In the Uxbridge area we had a very large flock of Ring-necked Ducks.....all in all signaling that fall is coming to an end and we should start thinking about our next favorite phrase -- "I hope the water stays open for the Christmas Count"
But our real purpose was the trip to Swan Point to see Lovecraft's grave. It was a bit disappointing, in that we didn't run into one goth kid looking for the grave!
However, we did get to see that they still have special alarm lighting set up just for the occasion and we got to leave our little momento to this author on this oh-so-special-day....
So we headed back to Worcester to get ready for the hordes of trick-or-treaters. And we weren't disappointed. The first kids appeared at 4:45 (one of the earliest starting times) and it was non-stop until we shut the lights off just after 8:30. We had the usual Transformers, princesses, ninjas and witches -- but also a great Titanic, katydid and painter with her own moving wall. Don't ask, but you really had to be here to appreciate the chaos. Our final tally (including parents) was somewhere between 300-400!

On Sunday (with the clocks falling back) we headed off to Westport with Rebecca and Kevin Bourinot at a reasonable hour hoping to find a Cave Swallow that had come northward in yesterday's balmy 73 degree weather. But alas we were denied.
We started early at Gooseberry Neck and didn't have much in the way of landbirds at all. However, there were both Common and Red-throated Loons aplenty.
And lots of scoters and eider. This female Surf Scoter was staying very close to shore and managed to get several good things to eat right off the rack line. Mark and Kevin had an unidentified swallow (even with their scopes) way down the beach from Allen's Neck, but it never came in our direction. After a brief stop at Allen's Pond, where I must admit it was a bit disconcerting to see my first female Buffleheads of the season, we decided to head to Acoaxet.
But what was even worse than Buffleheads was to find our first Harlequin Ducks in Acoaxet! Even though we had a semi-pal and 3 Black-bellied Plover, try as I might, I just coulden't shake the impending doom of another winter. I'm already asking "where we can go for a long weekend in January or February?"
And while the "mermaids' purses" seemed to cheer up Mark, I seem to be experiencing an early bout of autumn melancholy. It didn't help that landbirds weren't much better in Acoaxet, although we managed to find about 6 or so Eastern Meadowlarks right on the border with RI in the Brayton Point Rd. area.
In addition, we had this very colorful Red-tail hunting in the area.
And a small flock of Field Sparrows. There were also the obligatory Yellow-rumps and a few Golden-crowned Kinglets sprinkled in for variety.
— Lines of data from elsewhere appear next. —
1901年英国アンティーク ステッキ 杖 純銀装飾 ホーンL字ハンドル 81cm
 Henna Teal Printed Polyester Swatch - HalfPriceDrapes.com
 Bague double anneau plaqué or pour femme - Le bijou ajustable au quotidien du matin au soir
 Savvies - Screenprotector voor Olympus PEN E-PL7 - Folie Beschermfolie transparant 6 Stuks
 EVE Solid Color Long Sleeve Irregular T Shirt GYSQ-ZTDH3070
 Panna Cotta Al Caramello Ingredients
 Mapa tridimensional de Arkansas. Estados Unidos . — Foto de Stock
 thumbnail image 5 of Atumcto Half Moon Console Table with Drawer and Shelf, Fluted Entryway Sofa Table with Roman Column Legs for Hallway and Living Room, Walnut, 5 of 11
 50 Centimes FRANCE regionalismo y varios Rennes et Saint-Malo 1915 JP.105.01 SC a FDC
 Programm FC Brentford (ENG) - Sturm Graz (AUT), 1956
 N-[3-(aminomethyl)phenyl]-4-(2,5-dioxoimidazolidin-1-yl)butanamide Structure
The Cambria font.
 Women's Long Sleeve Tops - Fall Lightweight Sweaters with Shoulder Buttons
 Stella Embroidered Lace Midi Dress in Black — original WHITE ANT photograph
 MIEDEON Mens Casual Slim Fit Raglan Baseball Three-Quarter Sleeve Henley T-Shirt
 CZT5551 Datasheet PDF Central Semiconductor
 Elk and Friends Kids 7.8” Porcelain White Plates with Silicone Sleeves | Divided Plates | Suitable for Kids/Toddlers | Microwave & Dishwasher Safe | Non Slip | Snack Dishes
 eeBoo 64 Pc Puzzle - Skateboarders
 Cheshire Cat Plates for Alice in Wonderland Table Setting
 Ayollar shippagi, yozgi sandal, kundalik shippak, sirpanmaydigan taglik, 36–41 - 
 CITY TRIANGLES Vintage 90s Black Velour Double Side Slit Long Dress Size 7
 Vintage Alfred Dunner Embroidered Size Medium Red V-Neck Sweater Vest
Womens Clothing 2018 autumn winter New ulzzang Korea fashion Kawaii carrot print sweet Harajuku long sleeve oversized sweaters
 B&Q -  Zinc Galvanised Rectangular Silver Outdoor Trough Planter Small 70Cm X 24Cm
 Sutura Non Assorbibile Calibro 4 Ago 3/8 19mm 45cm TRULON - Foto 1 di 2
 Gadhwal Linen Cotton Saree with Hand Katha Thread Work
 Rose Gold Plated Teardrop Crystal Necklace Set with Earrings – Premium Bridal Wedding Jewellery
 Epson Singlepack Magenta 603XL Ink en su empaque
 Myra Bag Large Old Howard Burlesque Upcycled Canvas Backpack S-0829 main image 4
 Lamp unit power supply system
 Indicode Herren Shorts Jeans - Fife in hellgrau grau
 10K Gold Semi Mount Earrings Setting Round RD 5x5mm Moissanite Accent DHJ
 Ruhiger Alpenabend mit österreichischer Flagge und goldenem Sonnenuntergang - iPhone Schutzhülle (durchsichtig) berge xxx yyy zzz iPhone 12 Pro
Nothing extraordinary (see highlights below), but an enjoyable day nonetheless!

Westport/Acoaxet Highlights:
Both Common (37) and Red-throated Loon (14)
19 species of waterfowl including:
American Widgeon (26)
Green-winged Teal (26)
Ring-necked Duck (64)
Greater & Lesser Scaup (159 including scaup spcs.)
Common Eider (1084)
Harlequin Duck (7)
Black Scoter (3)
Surg Scoter (32)
White-winged Scoter (62)
Bufflehead (3)
Hooded Merg (12)
Red-breasted Merg (89)
Ruddy Duck (8)
9 species of shorebird including
Both Greater & Lesser Yellowlegs
Pectoral, Dunlin, Sanderling
Killdeer, Semipalmated and Black-bellied Plover
Ruddy Turnstone
But only 2 species of warbler -- Common Yellowthroat & Yellow-rumped
Plus we had a coyote and a Monarch butterfly!